### TASK TO CARRY OUT
Please reproduce the data exactly, excluding any pictures it contains.

### EXTRACTED ENTRIES
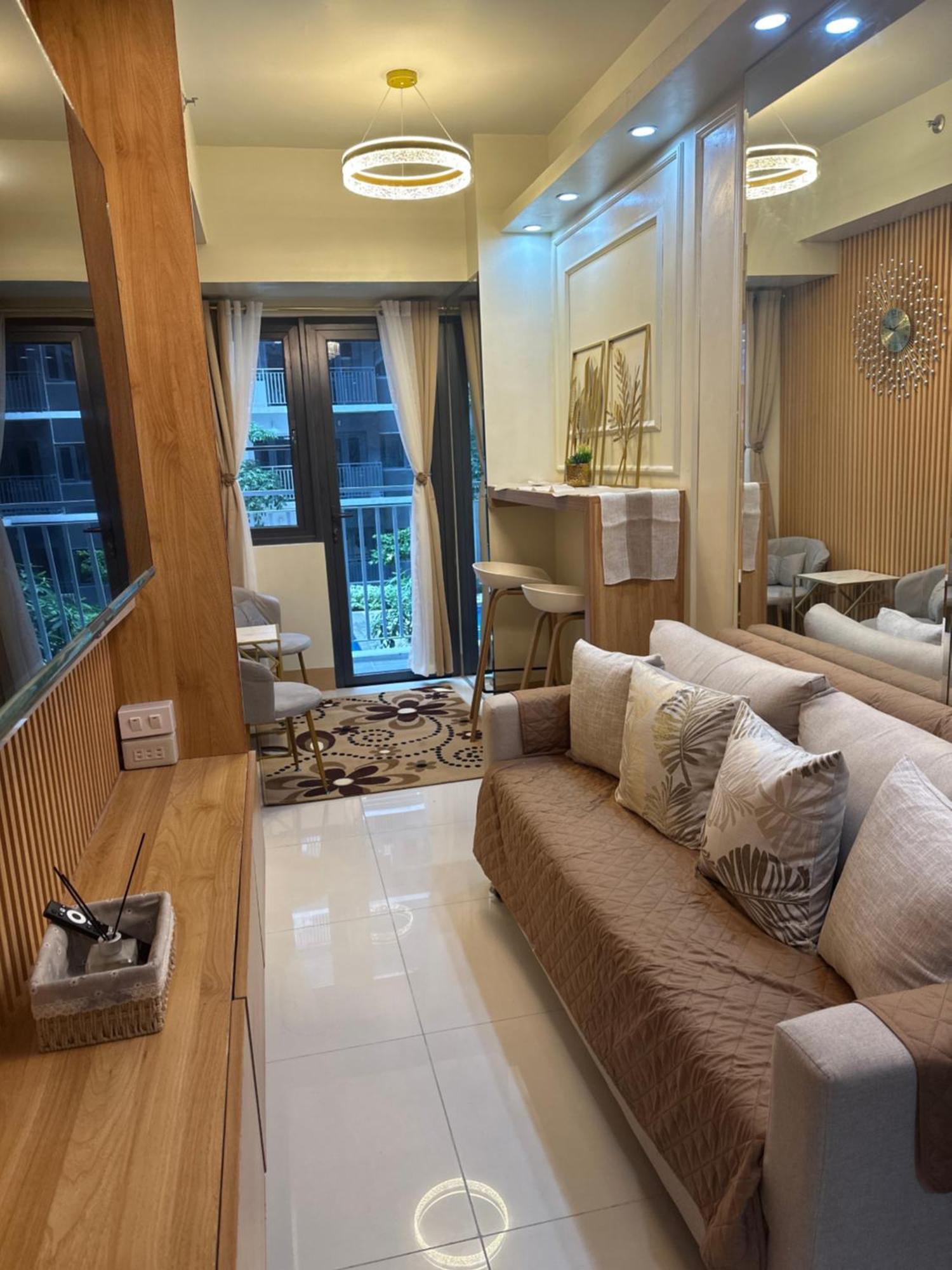 Kendra At Shore 3 Residences, Moa Complex * Manila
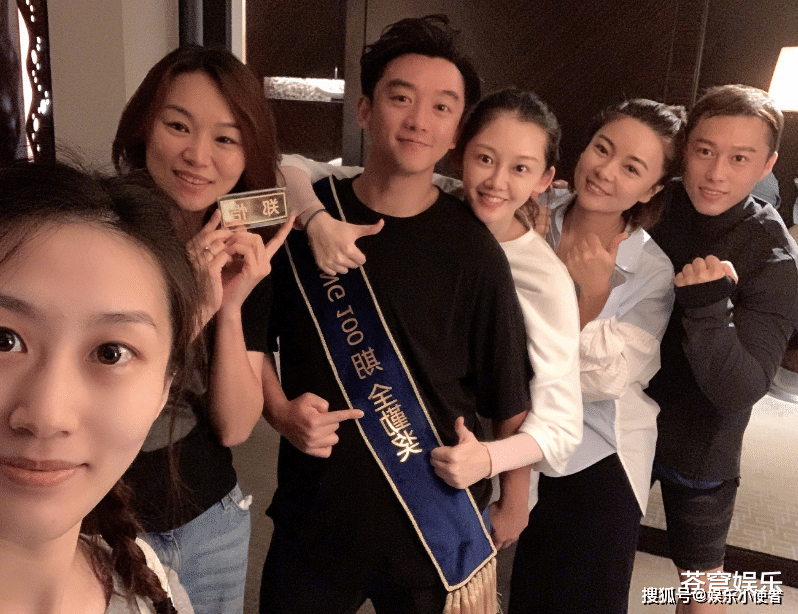 郑恺老婆苗苗产女后,又一女明星官宣二胎!直夸女儿颜值比自己高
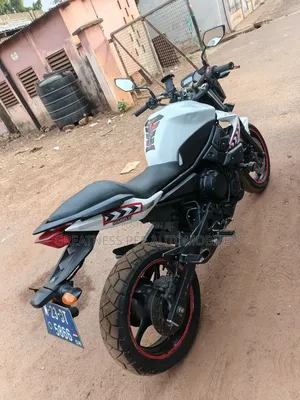 Yamaha 2012 White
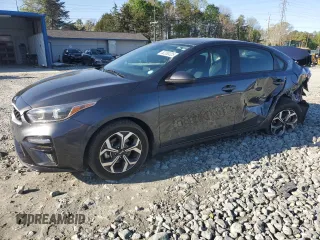 2021 Kia Forte LXS z VIN 3KPF24AD1ME302990, wystawiony jako Copart lot #52285325 z przebiegiem 100 128 mil mil oraz Szkoda całkowita • Salvage title. Historia ofert i sprzedaży dostępna na DreamBid. Obrazek 1.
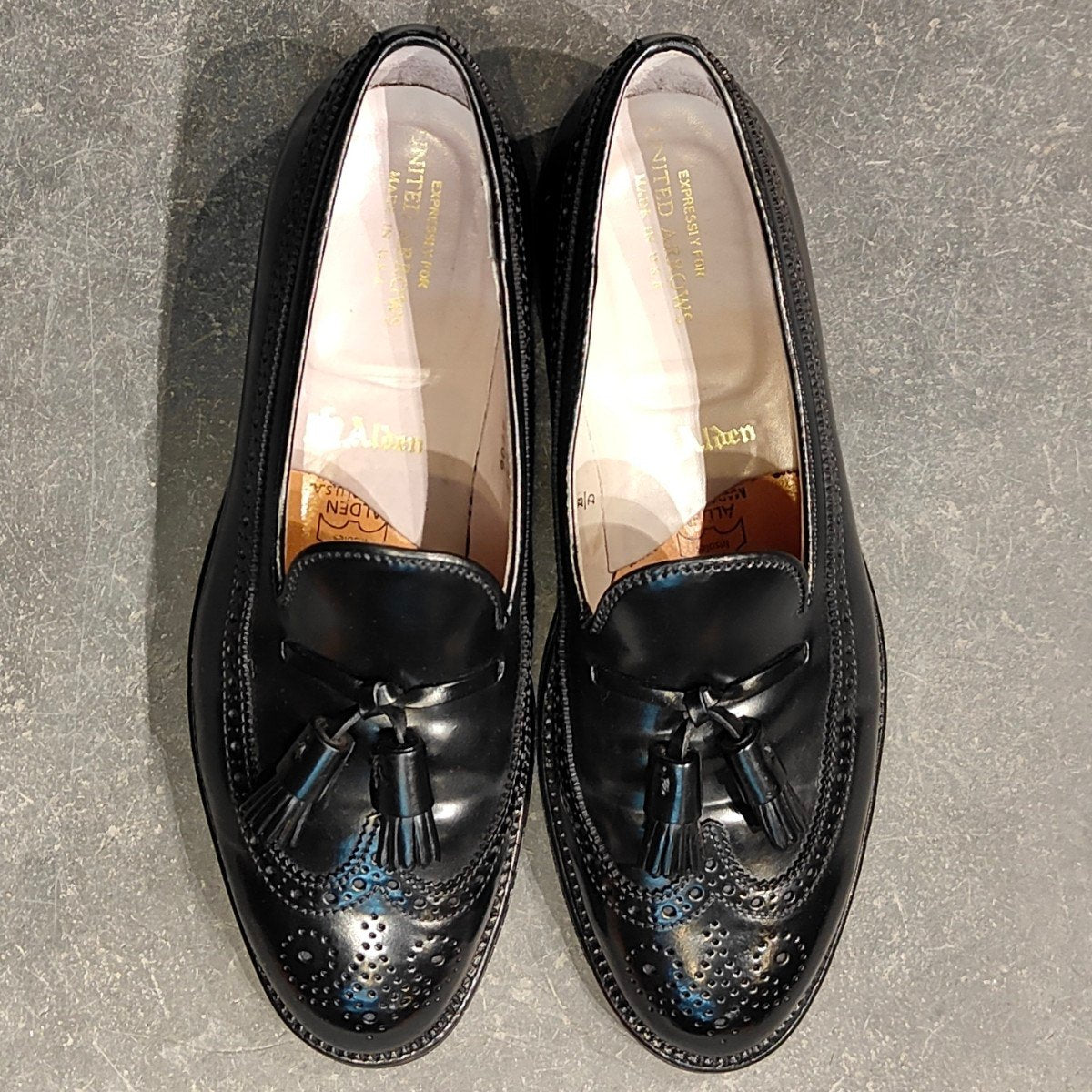 希少 極美品 【ALDEN】オールデン ユナイテッドアローズ別注 3906 タッセルローファー コードバンブラック サイズUS8D アバディーンラスト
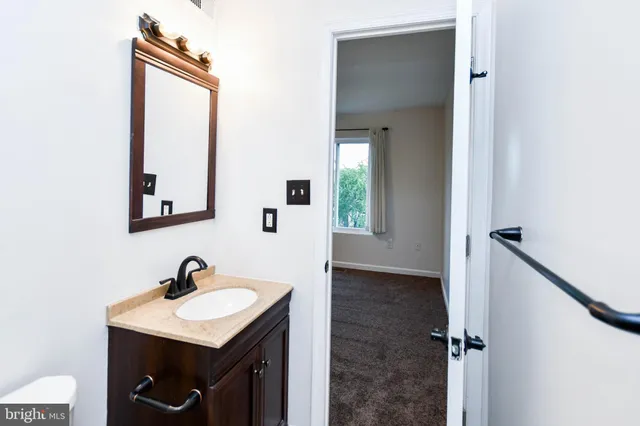 $2,600 | 7002 Cipriano Woods Court, Lanham, MD 20706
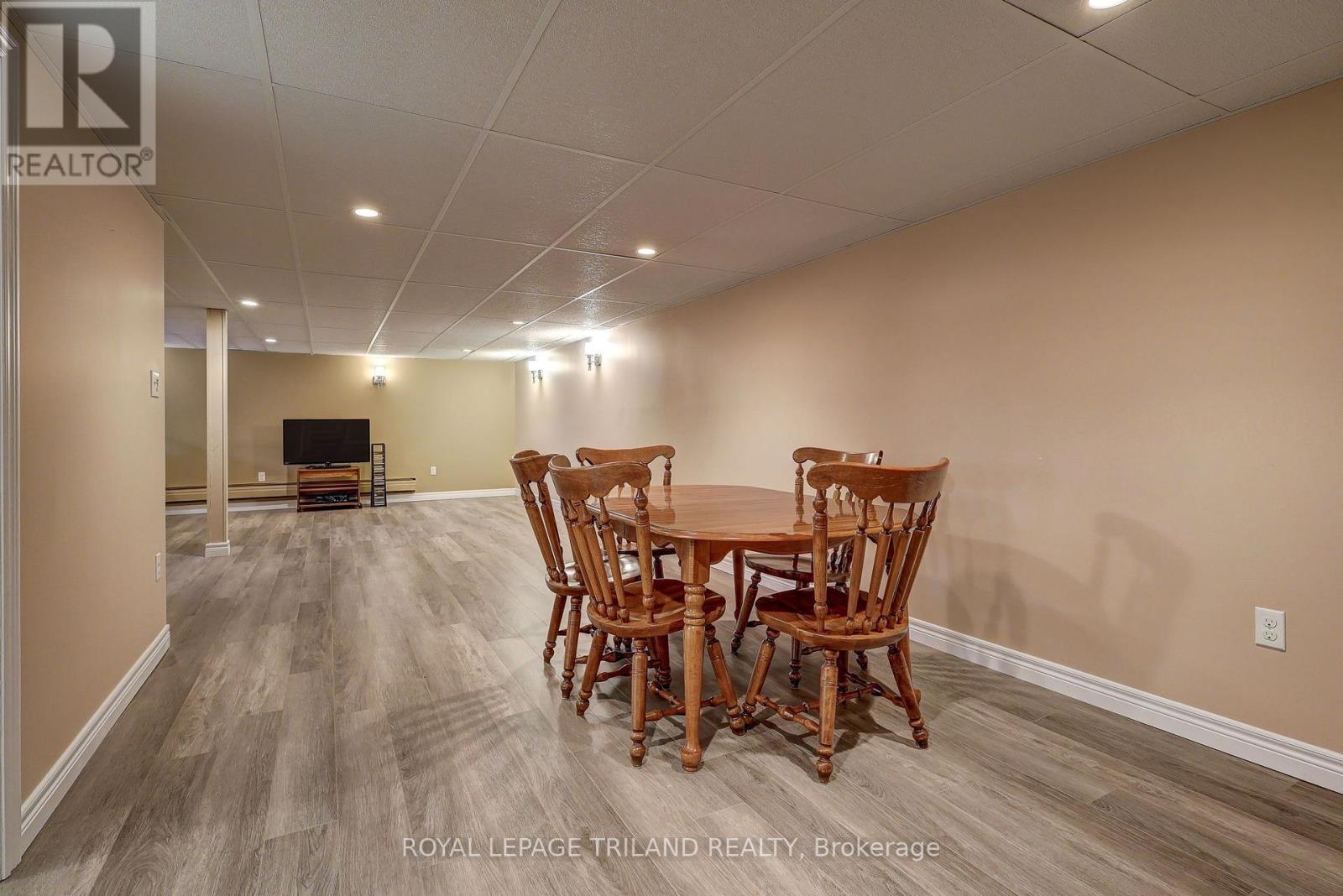 58 Vanbuskirk Drive, St. Thomas, ON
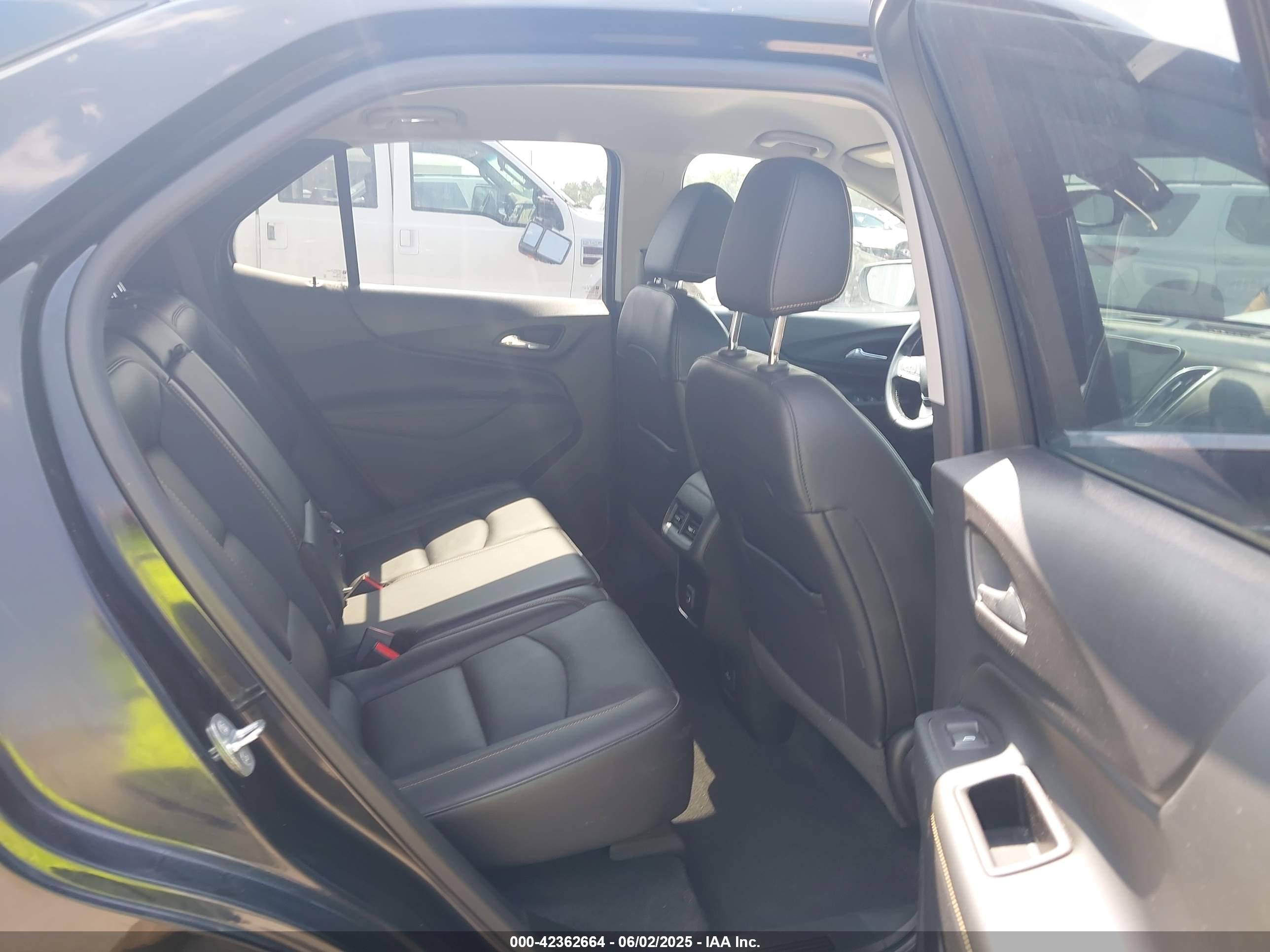 CHEVROLET EQUINOX image 8
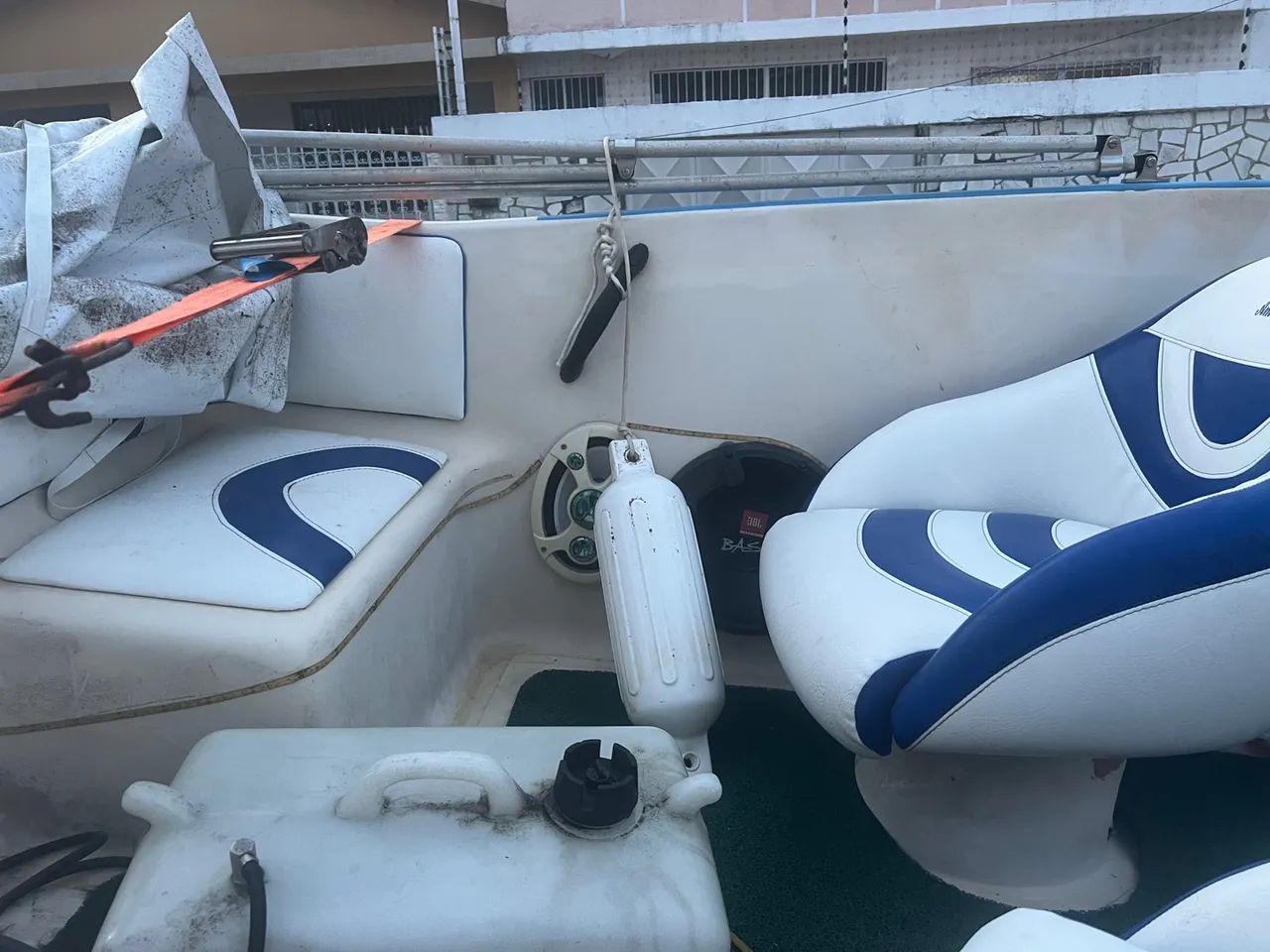 Lancha marca baleoo, motor 90 com 40 hrs, 8+1 - Foto 5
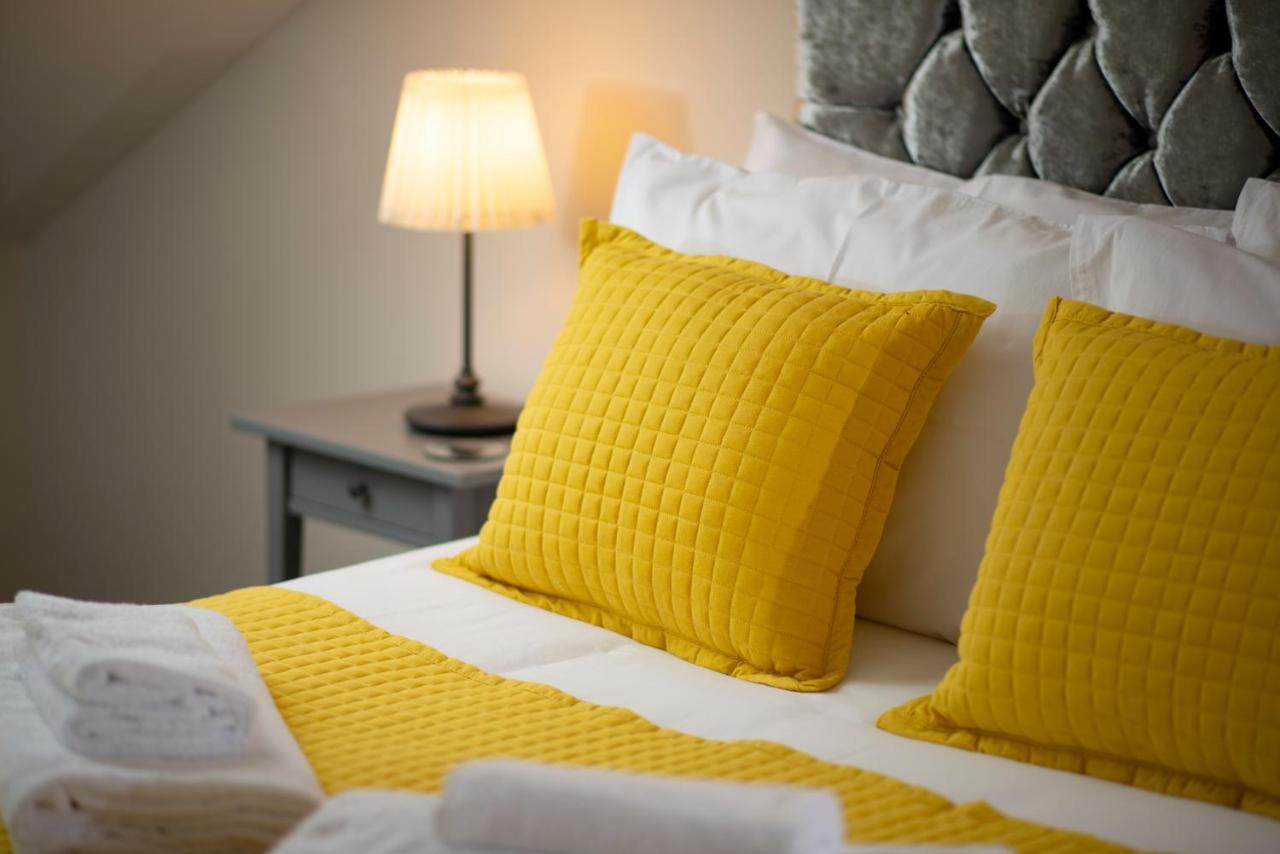Harold House - Modern Open Plan 4 Bedroom, 3 Bathroom House In Central Southsea, พอร์ตสมัธ ภายนอก รูปภาพ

### SOLVED EXERCISE
 Kendra At Shore 3 Residences, Moa Complex * Manila
 郑恺老婆苗苗产女后,又一女明星官宣二胎!直夸女儿颜值比自己高
 Yamaha 2012 White
 2021 Kia Forte LXS z VIN 3KPF24AD1ME302990, wystawiony jako Copart lot #52285325 z przebiegiem 100 128 mil mil oraz Szkoda całkowita • Salvage title. Historia ofert i sprzedaży dostępna na DreamBid. Obrazek 1.
 希少 極美品 【ALDEN】オールデン ユナイテッドアローズ別注 3906 タッセルローファー コードバンブラック サイズUS8D アバディーンラスト
 $2,600 | 7002 Cipriano Woods Court, Lanham, MD 20706
 58 Vanbuskirk Drive, St. Thomas, ON
 CHEVROLET EQUINOX image 8
 Lancha marca baleoo, motor 90 com 40 hrs, 8+1 - Foto 5
Harold House - Modern Open Plan 4 Bedroom, 3 Bathroom House In Central Southsea, พอร์ตสมัธ ภายนอก รูปภาพ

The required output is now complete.